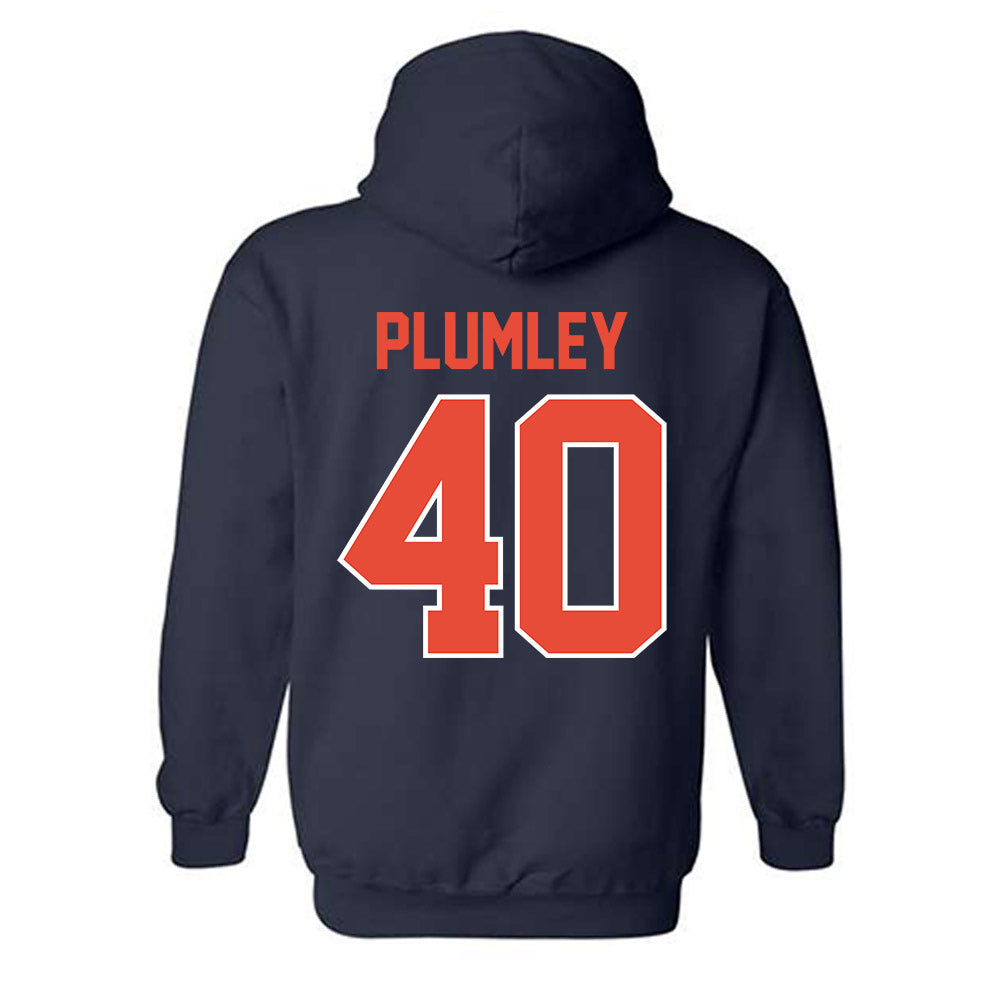 Illinois - NCAA Baseball : Ben Plumley - Hooded Sweatshirt Sports Shersey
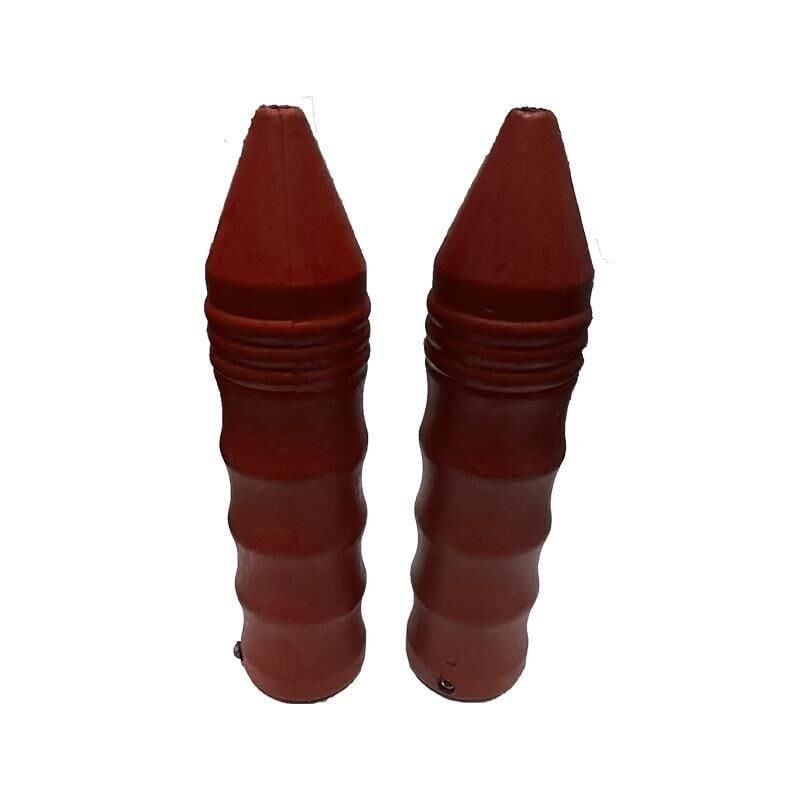 4 Parmak Mat Kırmızı Sivri Elcik Plastik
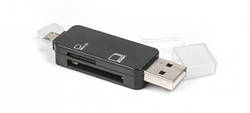 Зчитувач Card Reader Viewcon VE 110 b Зовнішній, читає всі існуючі формати карт пам'яті, інтерфейс USB 2.0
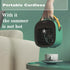 Portable Air Conditioner, 6000mAh Rechargeable Mini Air Conditioner, USB 3-Speed Silent Cooler for Desktop, Office,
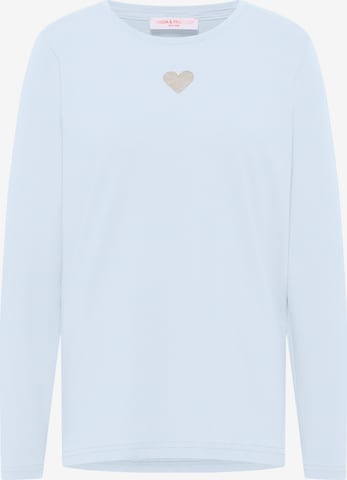 Frieda & Freddies NY Langarmshirt in Blau: Vorderseite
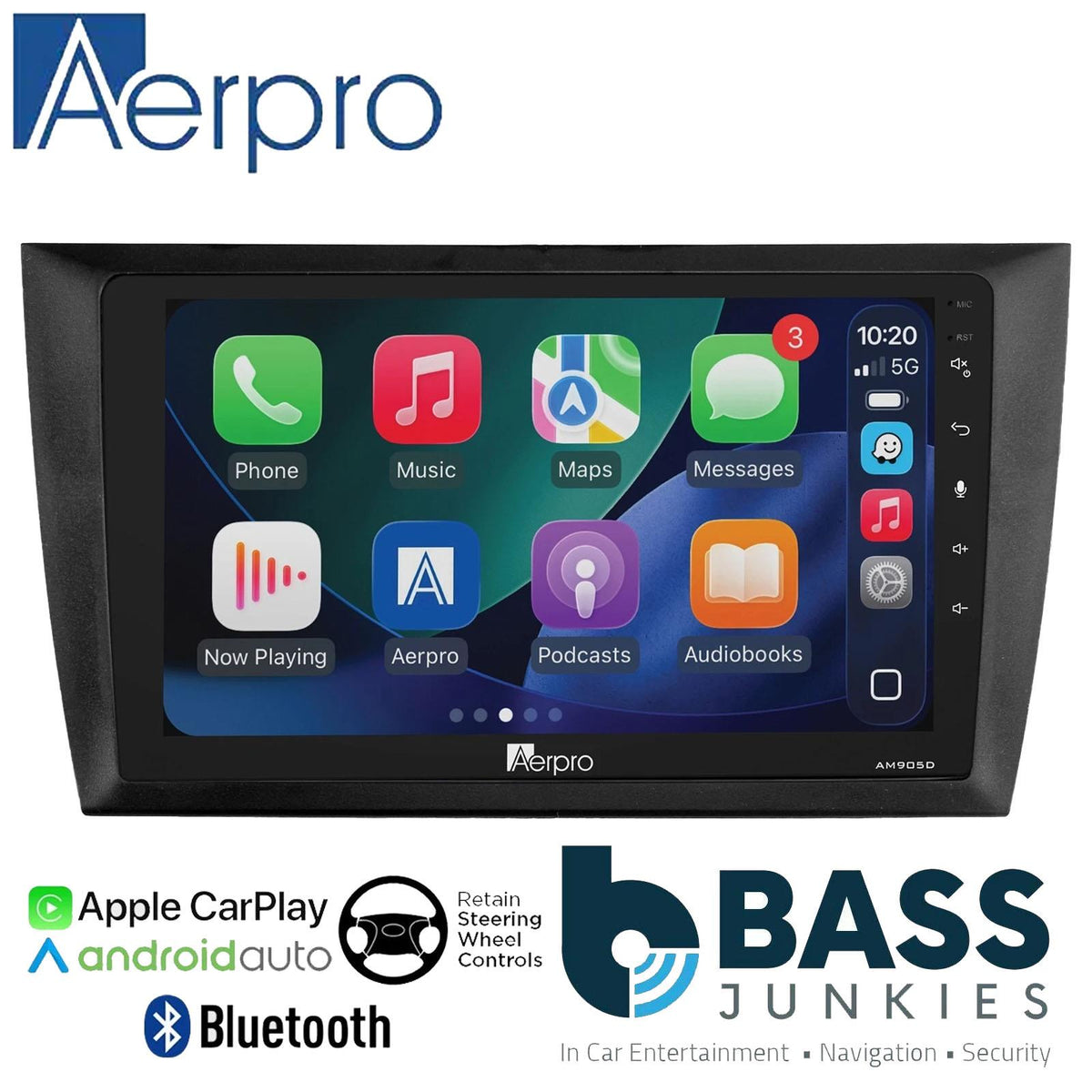 Aerpro 9" DAB CarPlay Android Car Stereo Kit For Volkswagen Golf MK6 2008-2012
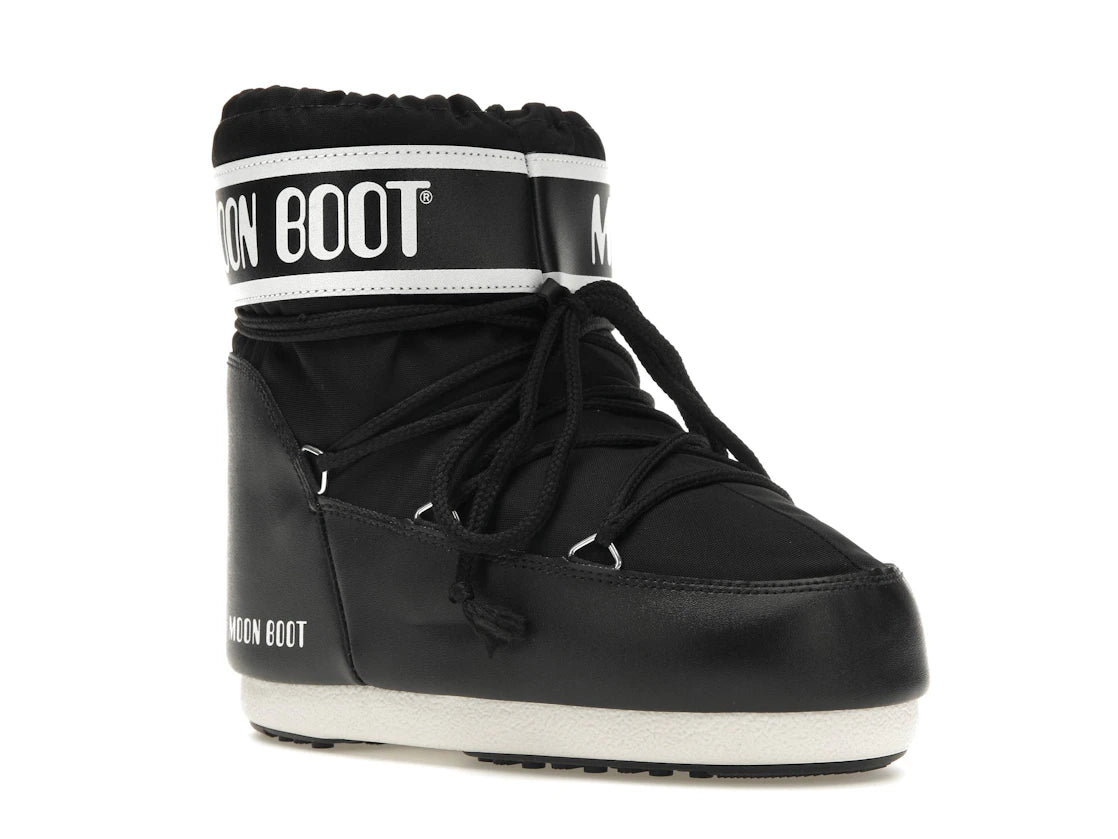 Moon Boot Icon Low Nylonstiefel Schwarz Weiß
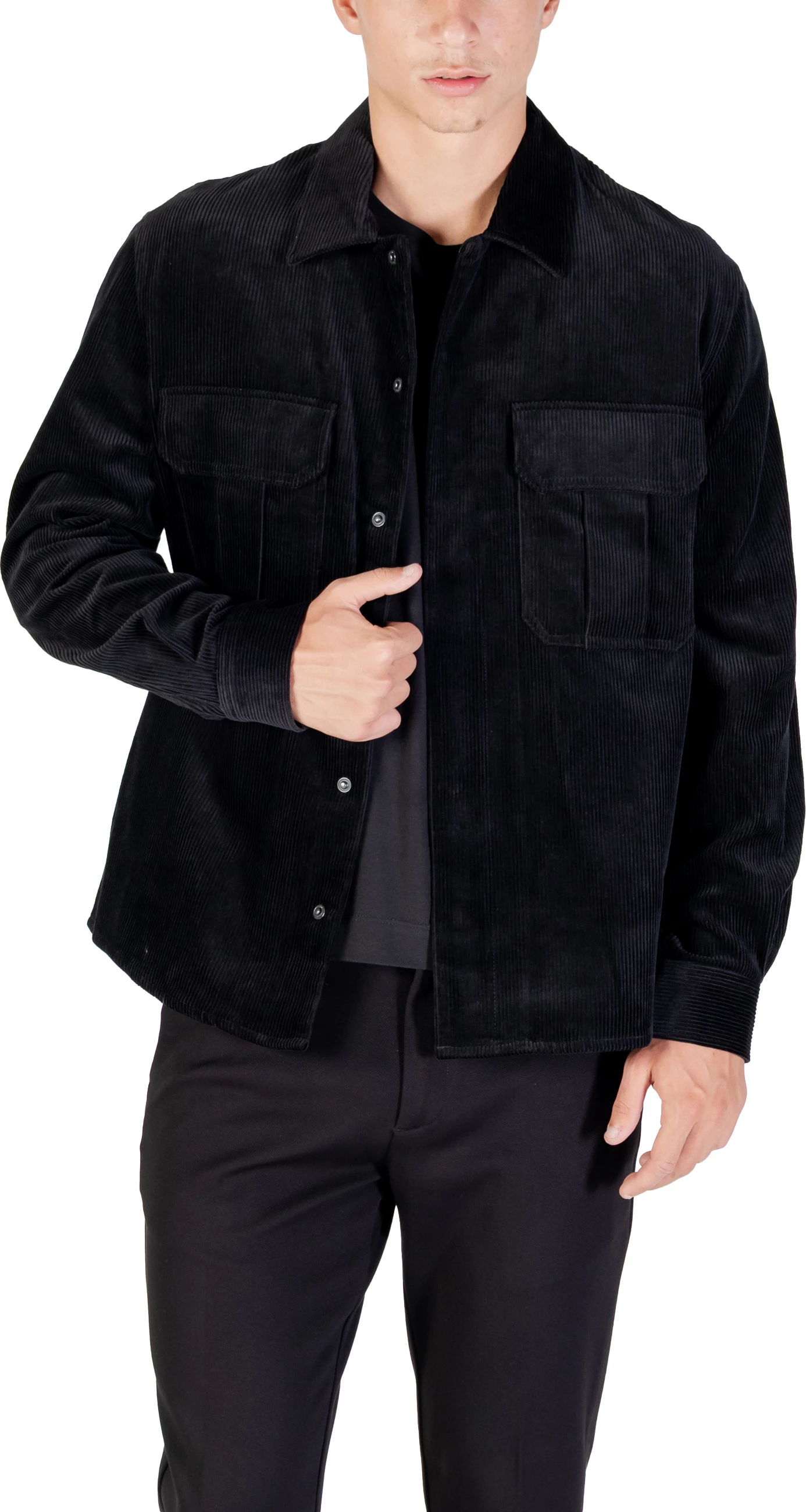 Këmishë për meshkuj Antony Morato MMSL00770-FA300030, e zezë [Madhësia: XXL]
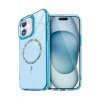 Mey İthalat®   iPhone 11 Live Diamond Magsafe Kapak - Mavi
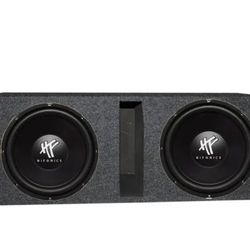 Never Used Twin Subwoofer  800watts Per Sub And 400rms 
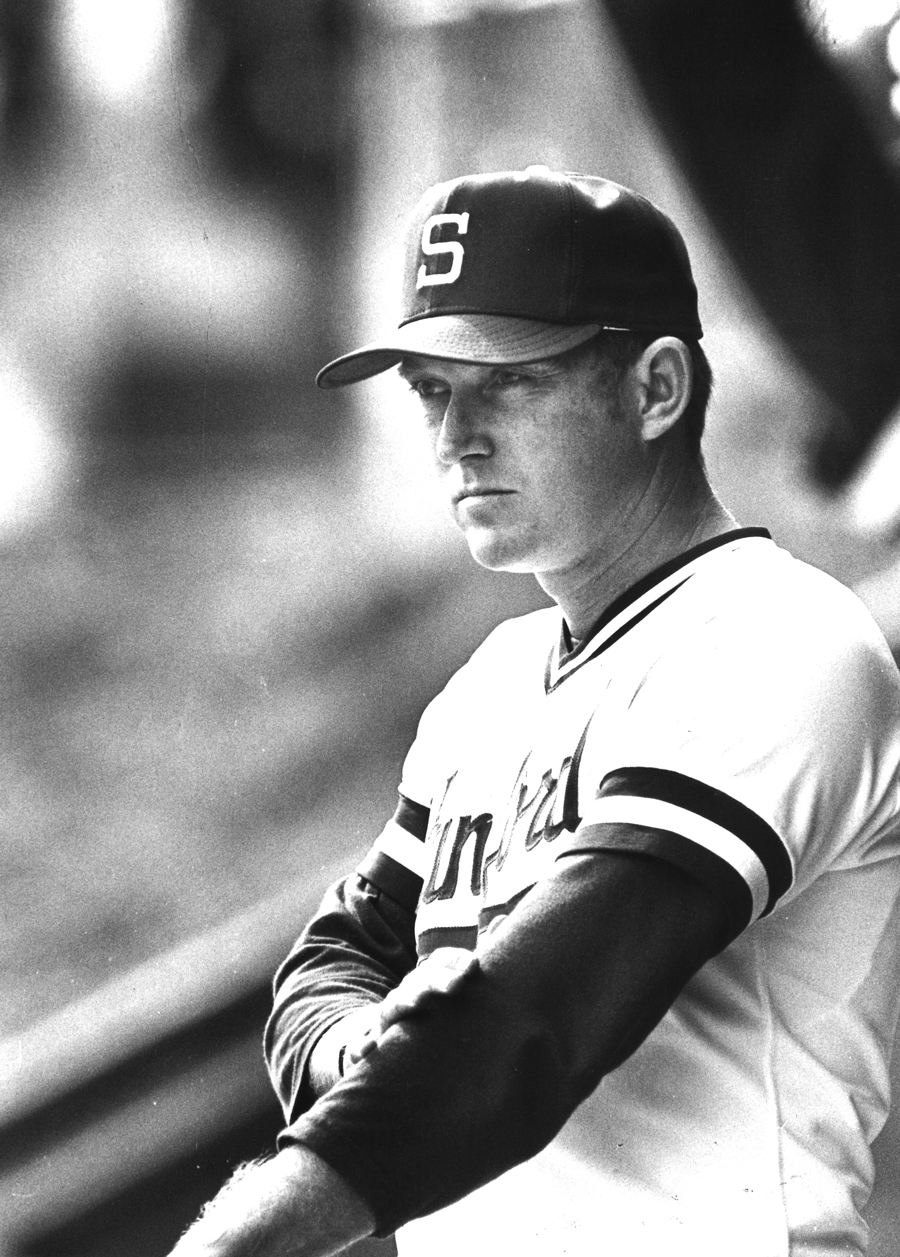 Portrait of Mark Marquess in his baseball uniform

**Assignment**
For this exercise, set down the lines in the entries above from the one with "Portable Air Conditioner, 6000mAh" through the one with "Golf MK6 2008-2012" exactly as written, without any pictures.

**Written solution**
 Portable Air Conditioner, 6000mAh Rechargeable Mini Air Conditioner, USB 3-Speed Silent Cooler for Desktop, Office,
 Frieda & Freddies NY Langarmshirt in Blau: Vorderseite
 Aerpro 9" DAB CarPlay Android Car Stereo Kit For Volkswagen Golf MK6 2008-2012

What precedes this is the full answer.